To test these claims, our analysts at The Maine Heritage Policy Center examined the data and outcomes of 96 RCV elections held throughout the country, including Maine, and determined these claims simply do not hold water.

The first and most important claim to address is the issue of majority winners. Through the elimination and reallocation of votes, we were told this system would restore majority rule over our elections – no longer could they be decided by a mere plurality.

The problem, however, is that RCV is so convoluted that few voters know how to maximize their influence over the process. Instead of filling out their ballot to the fullest extent, some voters rank one or just a few candidates they prefer (or make ballot marking mistakes) which have a significant impact on how a majority is determined.

When a voter makes ballot marking mistakes or only ranks candidates that are eventually eliminated from contention, their ballot becomes exhausted and no longer counts toward the final denominator used to determine a majority winner. It’s almost as if these voters never showed up on Election Day.

The prevalence of exhausted ballots is significant. Of the races we examined, an average of 11 percent of ballots became exhausted in each election and the eventual winner won with a “fake majority” 61 percent of the time. Because exhausted votes are excluded from the final denominator used to determine a majority, most winners of RCV elections do not win a true majority of the votes cast on Election Day; they receive a majority after the system throws out the votes of more than 10 percent of the electorate.
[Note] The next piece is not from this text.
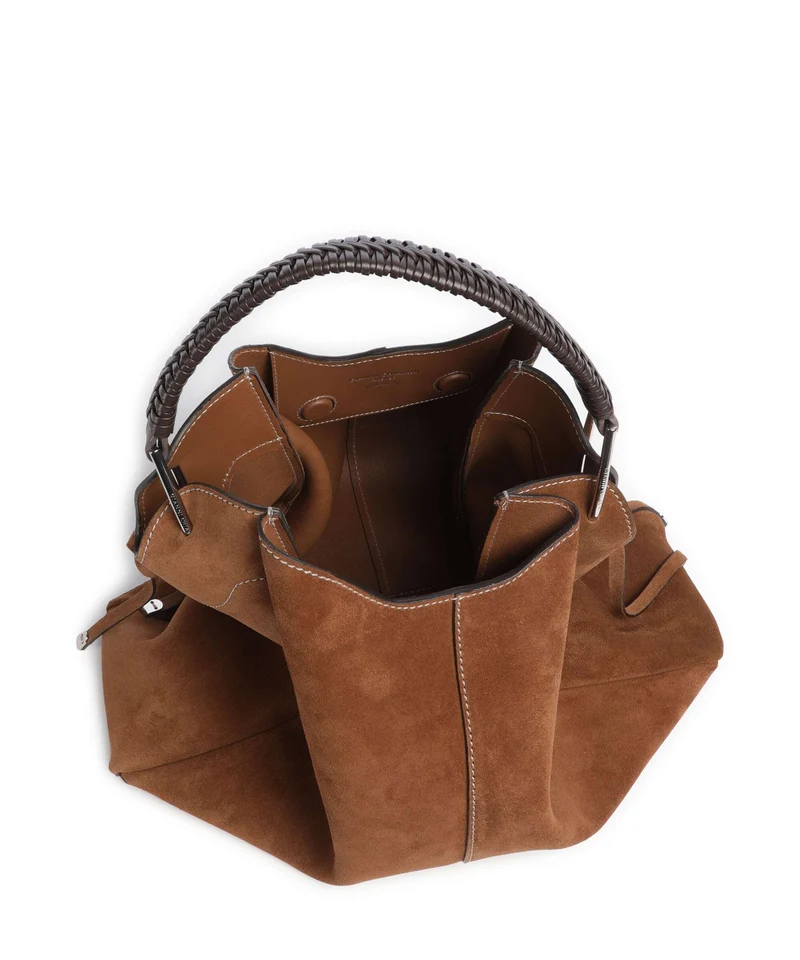 Gianni Chiarini Era Beuteltasche cognac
RCV also does nothing to increase the influence of non-major party candidates, and in some ways it actually makes things worse. Ranked-choice voting supposedly empowers voters to rank candidates by their true preference rather than wasting their vote on a candidate who does not have a legitimate chance of winning.
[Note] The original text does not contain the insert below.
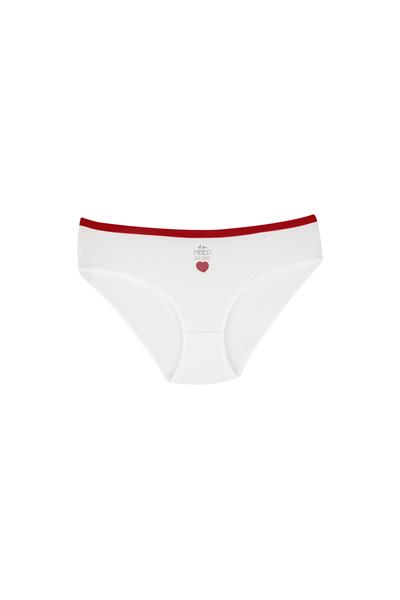 WOMENS UNDERWEAR - 5-PACK BATU - WIDE HIPS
From the League of Women Voters Maine’s website: “Ranked choice voting allows voters to support their favorite candidate without worrying that they might ‘throw their vote away,’ or worse, split their votes with like‐minded voters and unintentionally help elect the candidate they like the least.”

The data tell a different story. In the 2018 2nd Congressional District election, two rounds of tabulation were necessary to declare Rep. Jared Golden the winner and he prevailed with “fake majority” because more than 8,000 ballots were exhausted. There were 289,624 valid ballots cast in the first round of the election, meaning a majority would be achieved when a candidate received 144,813 votes. However, 8,253 ballots were exhausted in the second round of tabulation and Golden was declared the winner with just 142,440 votes. This equates to 49.1 percent of the overall votes cast on Election Day; not a true majority.

These are primarily instances where a voter preferred only independent candidates Tiffany Bond or William Hoar, and did not rank either Golden or Bruce Poliquin. What was their reward for supporting their favorite candidate(s)? Because these voters exhausted their choices, they essentially, if unintentionally, threw their votes away in subsequent rounds of tabulation.

Another supposed selling point of RCV was that it would make our politics more civil and reduce negative campaigning. Little evidence from Maine exists to support this assertion.

According to Maine campaign finance data, independent expenditures (expenditures made by groups unaffiliated with a specific candidate) to support candidates declined by 40 percent in Maine’s 2018 gubernatorial primary compared to the 2014 cycle, while expenditures to oppose increased by 100 percent – from $0 combined in the 2006, 2010 and 2014 cycles to $207,500 in 2018.

This data, which indicates an increase in negative outside ads, calls into question the validity of the claim that the system improves the tone and civility of our politics. Any way you slice it, ranked-choice voting has not delivered on its promises to Maine people.

Fortunately, there’s still time to turn back.

The Maine Senate on Monday gave final approval to a bill that expands RCV to presidential elections. Gov. Janet Mills should take these findings into account and veto the legislation.

Jacob Posik is the director of communications for the Maine Heritage Policy Center.